▶ TASK TO COMPLETE: Return nothing but the lines from the one containing "Larges Lane, Bracknell - Image 2" through the end of the records below, exactly as they stand and without pictures.

BEGIN

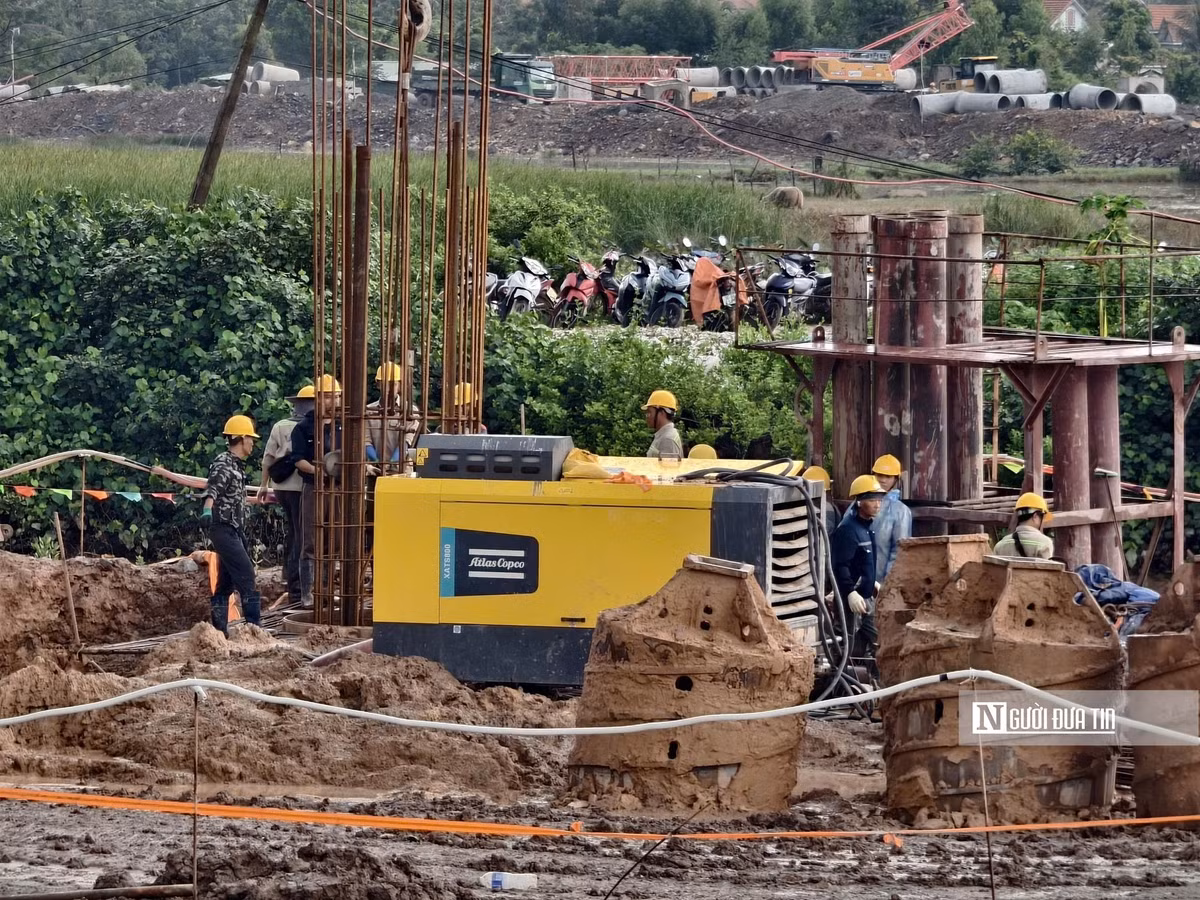 Mỗi tốp đảm nhiệm một phần việc khác nhau. Người vận hành máy móc, người kiểm tra, xử lý các hạng mục kỹ thuật; các nhóm công nhân phối hợp để từng phần việc được triển khai liên tục, hạn chế thời gian chờ đợi.
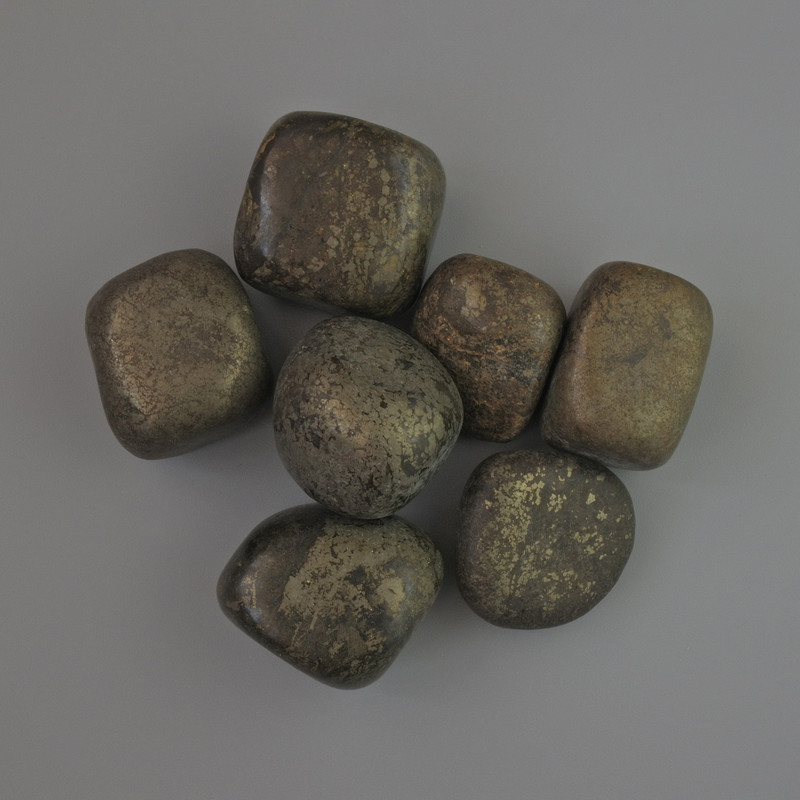 Piatră naturală de suvenir: pyrit șlefuit, diametrul 22x17 mm (+-), ambalare 100 g
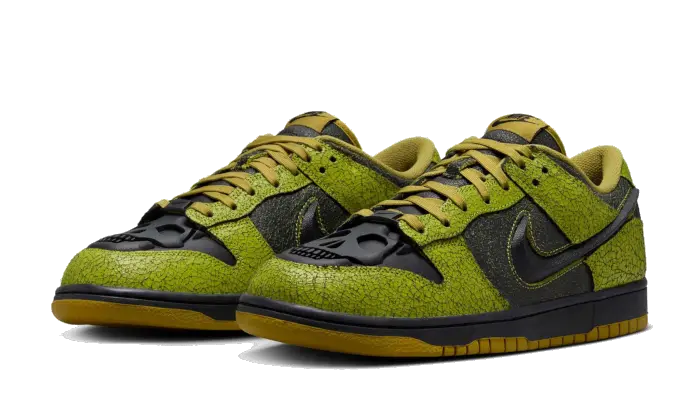 Nike Dunk Low Halloween Skull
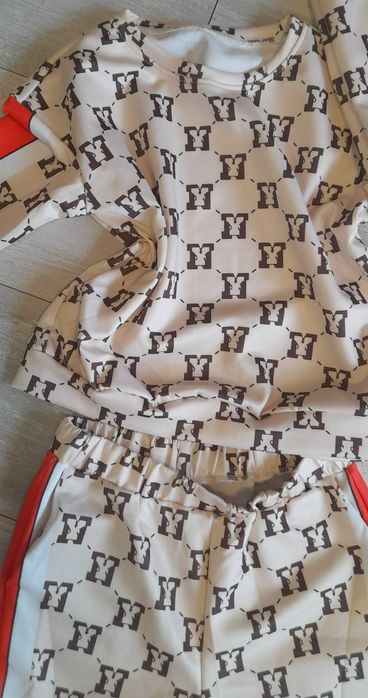 Ефектен екип за момиче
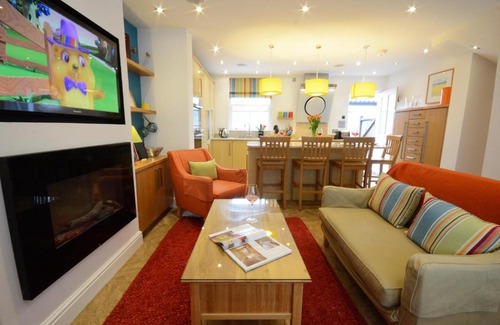 Aldeburgh Casa | 252 High Street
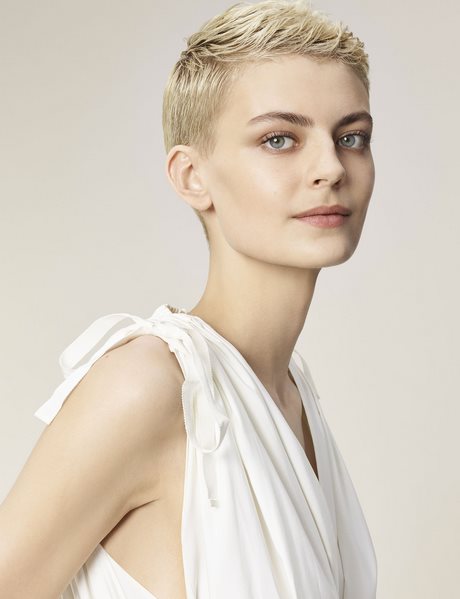 modele-coupe-de-cheveux-court-femme-2021-08_2 Modele coupe de cheveux court femme 2021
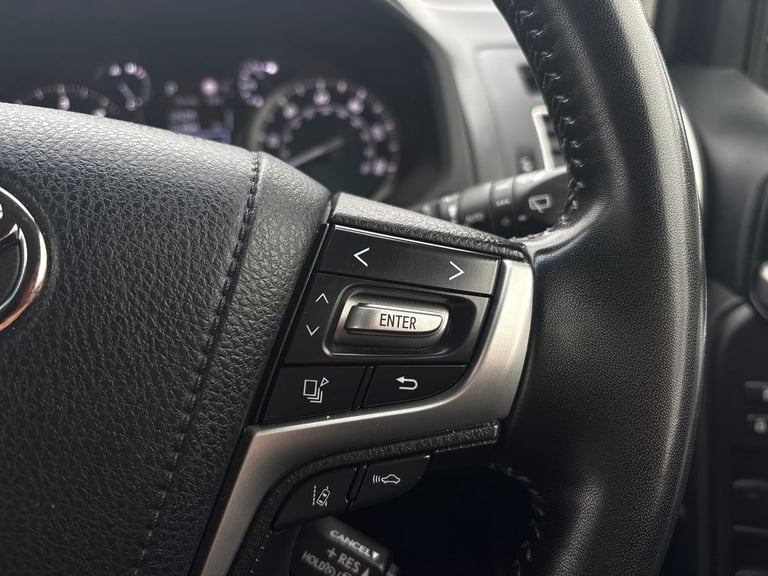 2022 Toyota Land Cruiser 2.8 D-4D 204 Invincible 5dr Auto 7 Seats Station Wagon DIESEL Automatic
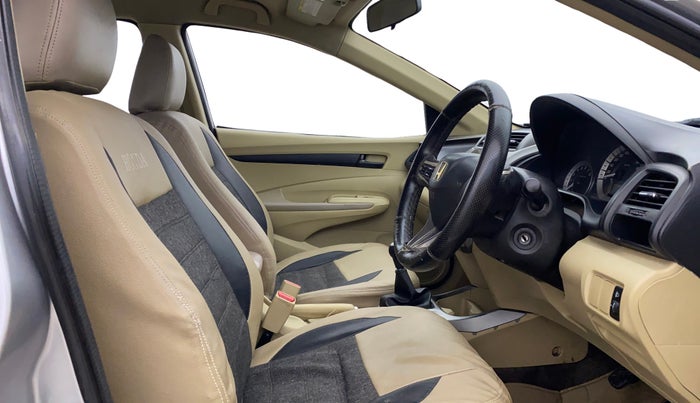 2012 Honda City 1.5L I-VTEC S MT, Petrol, Manual, 1,47,423 km, Right Side Front Door Cabin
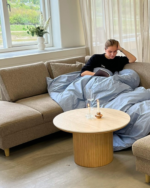 Enzo Couchtisch aus Stein Tischplatte in Eiche Lattenrost Ø78 – Bild 2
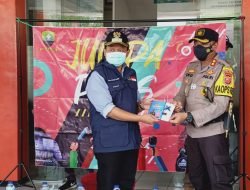 Polres Sumedang Luncurkan Buku Saku Info Vaksin Covid-19 Versi Sunda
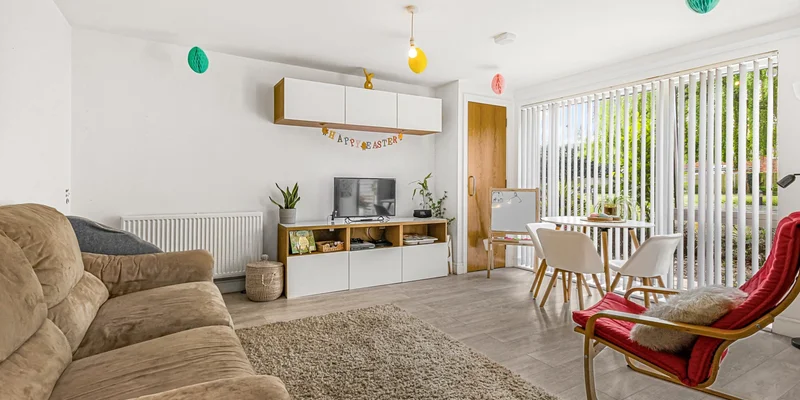 Larges Lane, Bracknell - Image 2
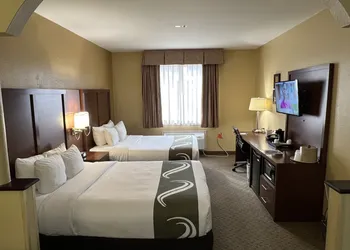 Quality Suites Midland North Loop 250 hotel thumbnail 7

END

▶ SOLVED PROBLEM:
 Larges Lane, Bracknell - Image 2
 Quality Suites Midland North Loop 250 hotel thumbnail 7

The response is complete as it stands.